RICE (US) — Countries that enter into defense pacts with other nations are less likely to be attacked—and are not more likely to attack others.
For the study, published in the journal Foreign Policy Analysis, researchers analyzed global defense agreements from 1816 to 2001.
“We were interested in analyzing policy prescriptions that leaders of countries can adopt that might make war—and also militarized conflicts short of war—less likely,” says Ashley Leeds, associate professor of political science at Rice University.
“War is costly, most importantly in terms of lives lost, but also in terms of financial resources, destruction of productive capacity and infrastructure, and disruption of trade.

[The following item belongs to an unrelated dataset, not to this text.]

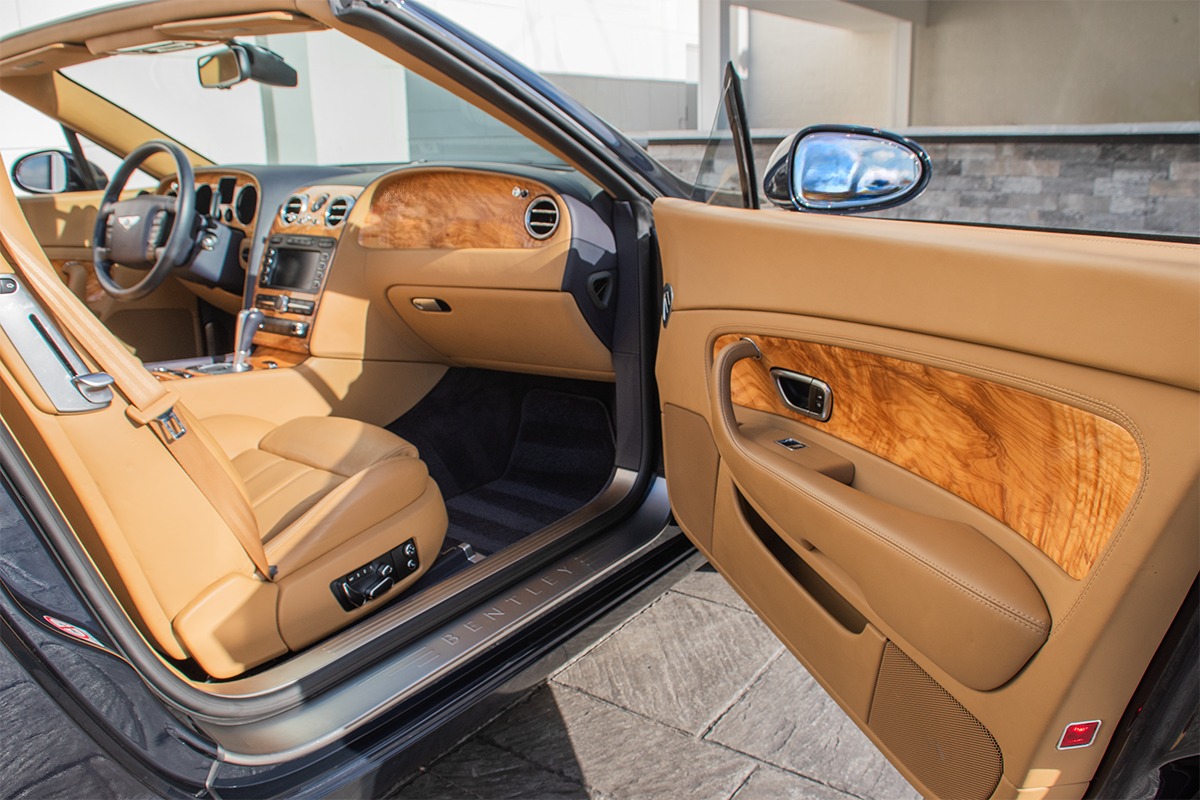 2007 Bentley Continental Image 19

As a result, research aimed at discovering policies that can prevent war is valuable.
“We found that when a country enters into a defense pact, it is less likely to be attacked,” Leeds says. “In addition, entering into defense pacts does not seem to make countries more likely to attack other states.”

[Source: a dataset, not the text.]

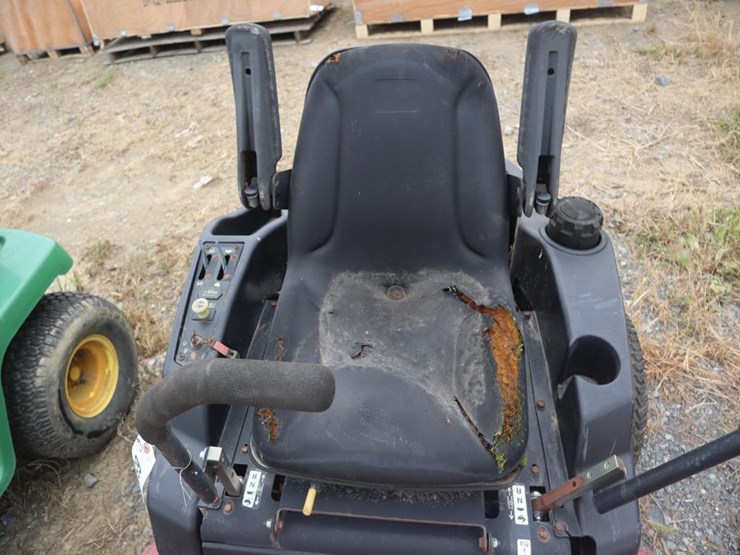 toro-zero-turn-mower-image-15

The research has current policy relevance for the United States and other countries, Leeds says.
“A current policy debate, for instance, is whether Georgia should be accepted as a new member of the North Atlantic Treaty Organization (NATO). If Georgia joins NATO, the U.S. and other NATO countries will be committing to assist Georgia if Georgia is attacked by another state, for instance, Russia.

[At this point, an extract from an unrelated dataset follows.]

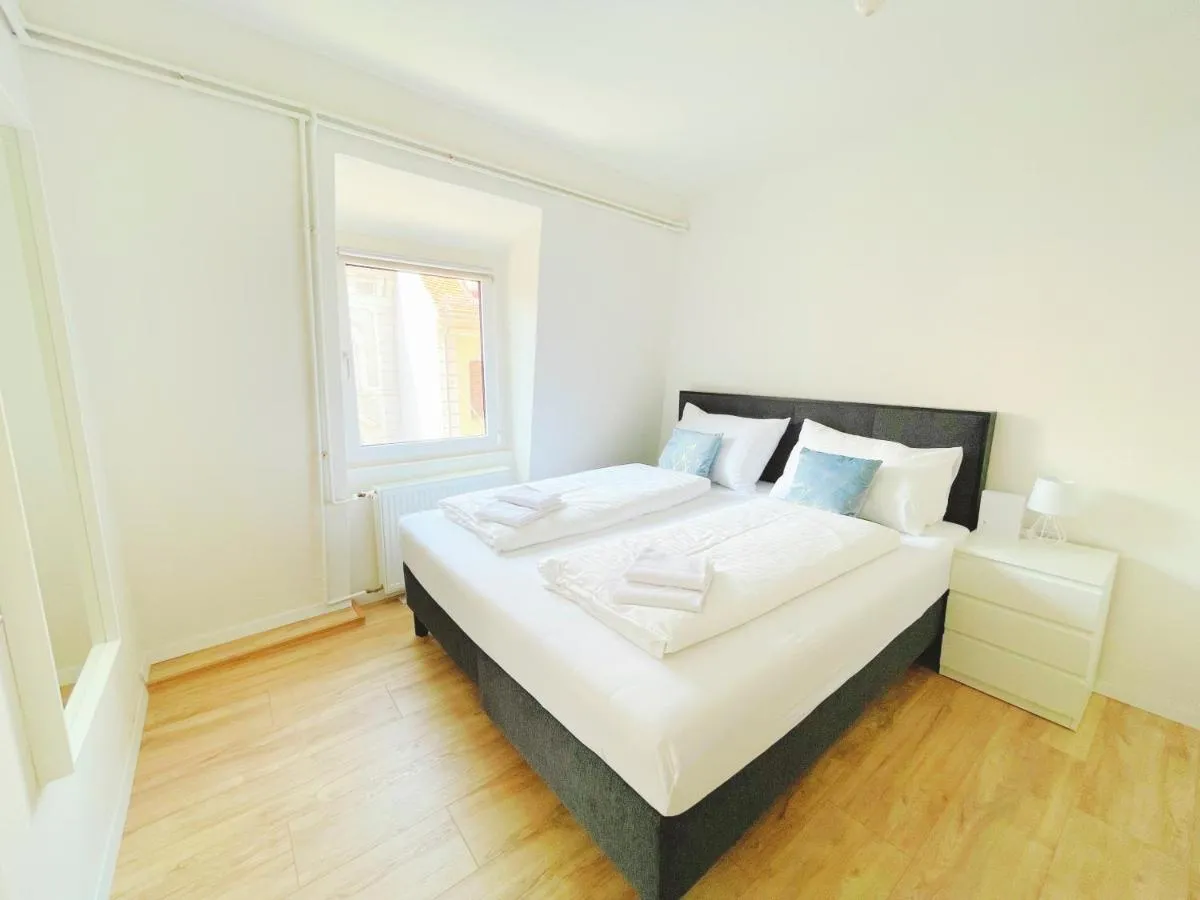 Image 5 of contactless Self-Check-In – vibrant City Life in Graz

“Some analysts are concerned about the U.S. making such a commitment, and some believe that having a commitment of assistance from the U.S. could encourage Georgia to behave aggressively toward Russia, making war more likely.
“The study suggests that this is not the most common general pattern. In fact, a defensive commitment to Georgia should, according to the study, make war between Russia and Georgia less likely.”
Currently the United States has many defensive alliances, including with most of the Western Hemisphere states, NATO countries, Japan, South Korea, and Pakistan, among others.
Due to their alliance with the U.S., these states are less likely to be attacked by rivals, and U.S. allies are no more likely to behave aggressively than they would be without a U.S. alliance commitment.
The research was funded in part by the National Science Foundation.